Not out of selfishness, but because the terms as described are: full responsibility, zero accommodation, and reputational punishment for noticing the gap. Framed that way, choosing not to have children isn't a failure to "step up." It's simply declining to sign a contract whose terms were just demonstrated, in public, by the people who'd be enforcing them.

What accommodation actually means

Successful pro-natalist policies generally rest on a fairly simple premise: that raising children is not solely a private matter, and that some degree of accommodation — practical, small, often nearly costless — is socially justified.

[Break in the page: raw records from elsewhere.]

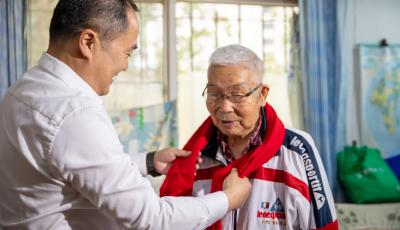 “爱在重阳 亲情到家”青岛市军休服务中心荣军敬老服务季（秋季）启动
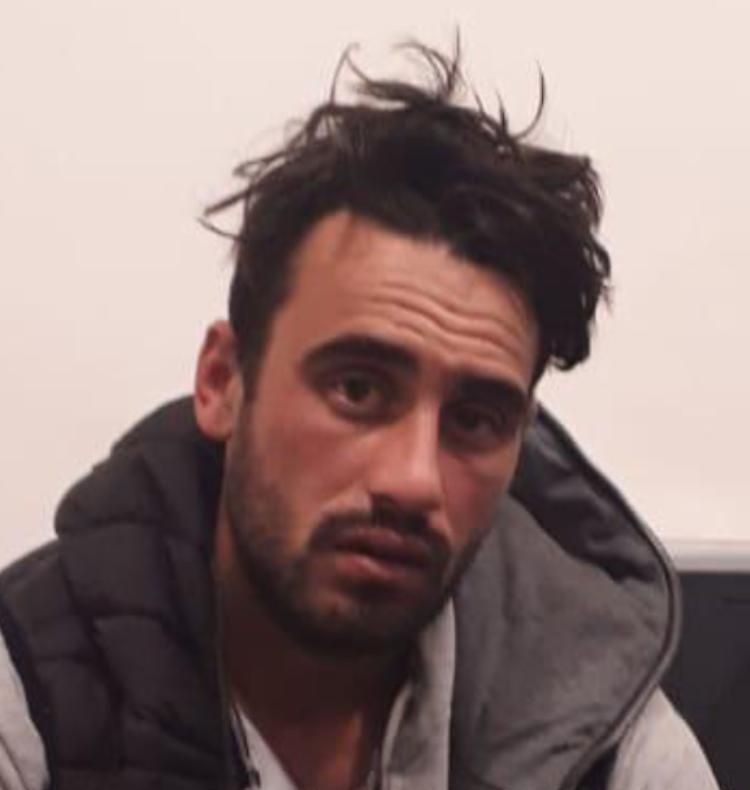 Campion la case sparte, cu atracție la obiecte de valoare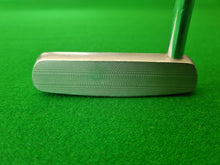 Load image into Gallery viewer, Cleveland Classic Collection 6 Putter 34&quot;
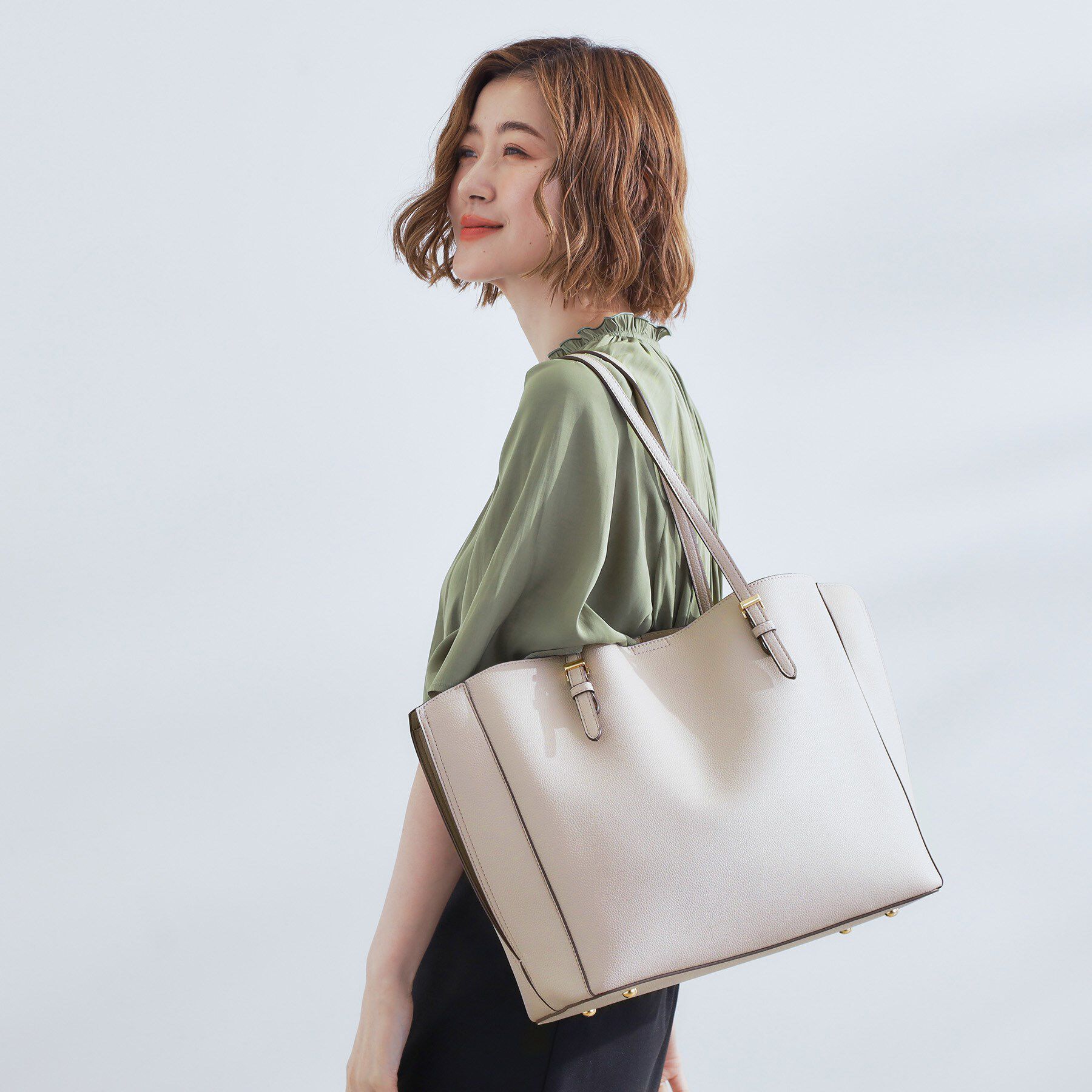 grove「【人間工学・A4】サイドスリットトート」|トートバッグ|ライトグレー(011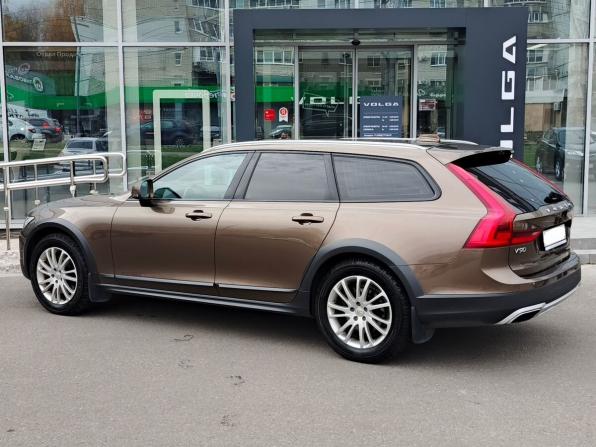 Volvo V90 Cross Country I с пробегом 2017 года, цена 2 670 000 рублей, 181200 км, универсал, Автокод Объявления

Not because parents are owed luxury, but because a society that wants more of its members to have children has an obvious interest in making the ordinary mechanics of doing so marginally less punishing.

The comment section under the Chow story was, in aggregate, advancing something close to the reverse of that premise: children are your choice, therefore your problem, and any request for the burden to be shared — even a request as small as "can this $2 logistical snag be clarified" — gets read as overreach.

That's not a policy position the government has taken. It's a position a large number of ordinary Singaporeans took, voluntarily, in public, in response to a government minister's own call for a "reset" toward viewing parenthood more positively.

The protest that doesn't need to be organised

In China, a phenomenon known as "tang ping" — literally "lying flat" — describes a generation responding to a punishing combination of housing costs, education competition, and gruelling work culture not with organised protest, but with quiet, individual withdrawal: opting out of marriage, career striving, and childbearing altogether, because the system stopped holding up its end of the bargain. No manifesto, no movement — just millions of separate decisions not to participate.

Singapore's fertility numbers — falling for years, now at a historic low — describe something that looks, in aggregate, remarkably similar, just channelled through the single most consequential household decision there is. Nobody needs to organise anything. They simply don't have the child.

What the Chow episode and its aftermath add to that picture is a glimpse of the terms themselves, stated plainly, by the public rather than the government: have the child if you want, but don't expect anything to be easier, and don't expect sympathy if you say so.

For someone who hasn't yet decided, that's not an abstract policy debate to weigh against housing prices and childcare costs. It's a live demonstration — with a real name, a real video, and a real comment count — of what your voice is worth, the moment you're the one asking.

If the lesson anyone takes from this episode is "this parent was unreasonable," rather than "this is what we just told every person still deciding whether to have a child" — then the reset, whatever form it eventually takes, will have already failed its first and easiest test, not at the level of policy, but at the level of permission: whether parents in Singapore are allowed to ask, without being told that asking is itself the problem.